School buses may be the perfect application for electric vehicles. They run short delivery routes, sit for hours in between, and deliver the most environmentally precious cargo of all. 

School districts who want to get on board don’t have to wait. Blue Bird, perhaps the best known coachbuilder with vast vats of yellow paint, now offers three electric choices, in small, medium, and large. 

Blue Bird revealed in a recent release that the company has already delivered electric school buses in California, North Dakota, and Washington, starting last fall—and it has stated in financial updates that it sees tremendous interest in electric school buses.

“The nation is increasingly influenced in electric vehicle transportation in general, and we anticipate rapid growth of electric school buses as more districts are educated on the zero-emissions and low-maintenance benefits they bring to their local communities,” said CEO Phil Horlock.

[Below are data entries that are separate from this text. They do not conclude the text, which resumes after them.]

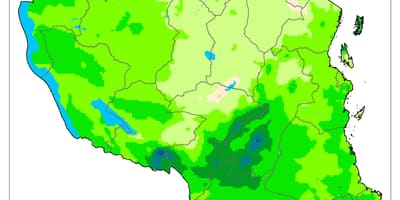 Karte von Tansania Klima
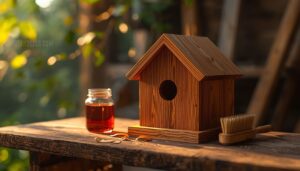 use untreated, weather-resistant box materials use untreated, weather-resistant box materials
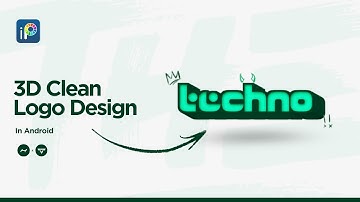 TUTORIAL || 3D CLEAN LOGO ON ANDROID || CREATE 3D CLEAN LOGO || COLLABE @Technodzns ×@darshitfx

Blue Bird electric school buses

Blue Bird electric school buses

Buses, including city buses, are one of the fastest-growing electric vehicle segments worldwide. 

Horlock says the company has 100 orders for electric school buses in North America, including new districts in places such as Colorado, New Jersey, New York, and Quebec. And electric buses aren't new for the company; it's been developing them since 1994. 

  • The smallest choice, or short-bus, for smaller numbers of kids who need less popular routes or schedules, is the MicroBird G5 Electric, based on a heavy-duty Ford E-450 van chassis. It seats up to 30 kids, has a range of up to 100 miles. 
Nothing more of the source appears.